The Space Between Two Worlds

  • Dates
    2017 - Ongoing
  • Author
  • Topics Portrait, Contemporary Issues, Editorial
  • Locations Oregon, New York, United States, New Jersey, California

“The Space Between Two Worlds” focuses on how a legacy of racism can influence who we see as desirable romantic partners. It is about the barriers to love interracial couples may face and the compassion and understanding that binds them together in the end.

Taylor was five years old when her father said if she ever brought home a “black boy” she would be disowned. While riding Boston transit, Colleen was told by a stranger that she should be ashamed of herself for dating an Asian man. Because of their preconceived ideas about black masculinity, Daisy received pushback from her Latino family when she revealed that she was in an interracial relationship. In 2018, many Americans still face barriers for love and acceptance when it comes to interracial intimacy.

In the last 50 years, interracial relationships have gone from illegal, to taboo, to relatively uncommon depending on where you live in the United States. Before Taylor, Colleen and Daisy, interracial relationships were met with racist reactions, sometimes extreme violence or death.

Richard and Mildred Loving were perhaps the most widely known interracial couple. Their fight for equal love began in 1958 when they were arrested for violating Virginia’s Racial Integrity Act of 1924, which prohibited whites from marrying people classified as “colored.” But nearly a decade later, their act of love proved victorious over white supremacy when the Supreme Court struck down all legal restrictions for intermarriage, deeming these laws unconstitutional across the U.S. on June 12, 1967.

I am in an interracial relationship, and I am inspired by those of the past who used their love to make my experience today possible.
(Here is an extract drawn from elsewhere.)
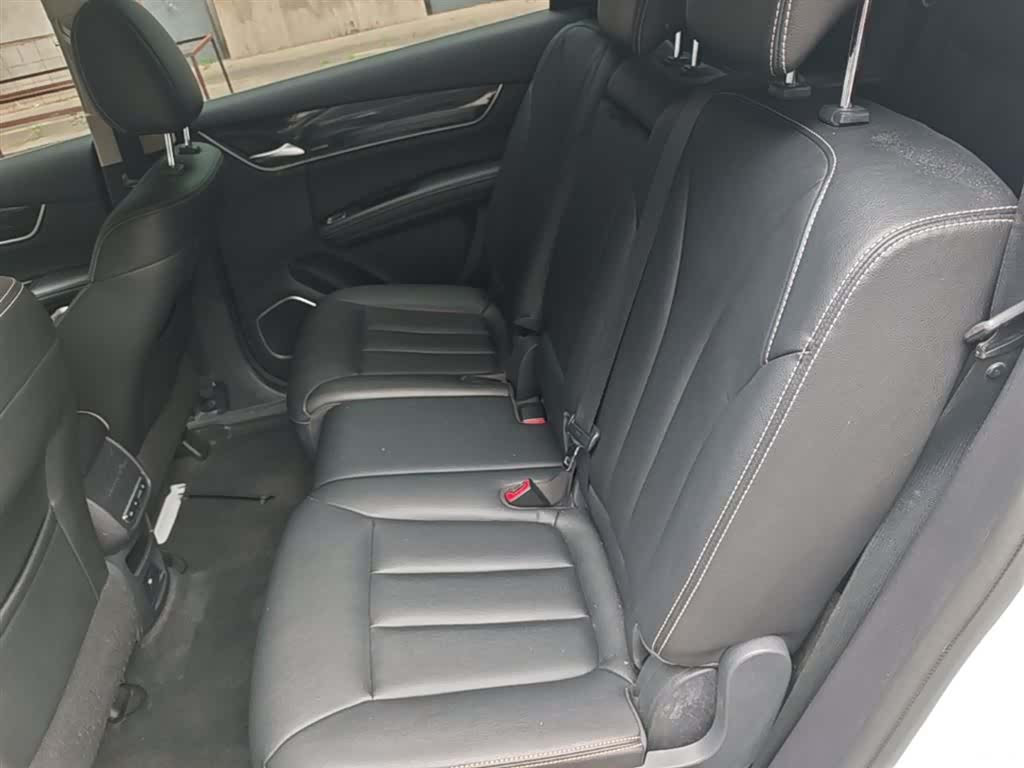 BYD Song, 2018 17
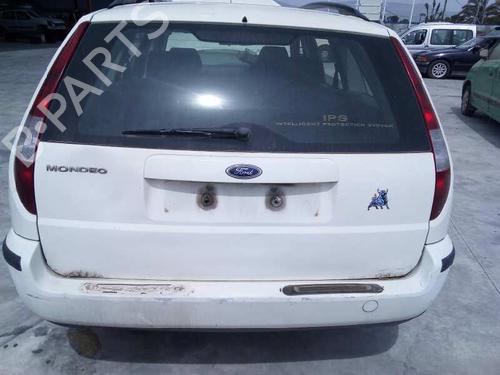 Engine control unit (ECU) FORD MONDEO III Turnier (BWY) 2.0 16V TDDi / TDCi | BP12715006M57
I have been advised that storytellers should pursue those questions that haunt them the most before falling asleep. The questions that motivated me to explore Western portrayals of Asian men and women, ask how cultural perceptions affect the development of personal relationships. What first began as an examination into my own identity, as an Asian man in America, developed into a project to understand how a legacy of racism can influence who we see as desirable romantic partners and how interracial intimacy will reflect America’s demographic shift.
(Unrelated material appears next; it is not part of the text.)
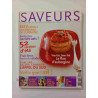 Saveurs nº 142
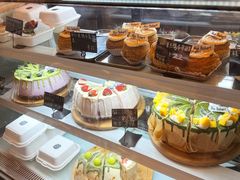 -Max Bakery 阿唛手作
The minority population in America is poised to become the majority population within the next several decades. This demographic shift presents a unique opportunity to trace how America’s dating landscape will change. There are 120.5-million people married in the United States today, with 12-million in interracial marriages, or about ten percent of all married couples. This is an incredibly divisive time emboldened by far-right supporters decrying a “white genocide” in America, which also makes this conversation important to have now.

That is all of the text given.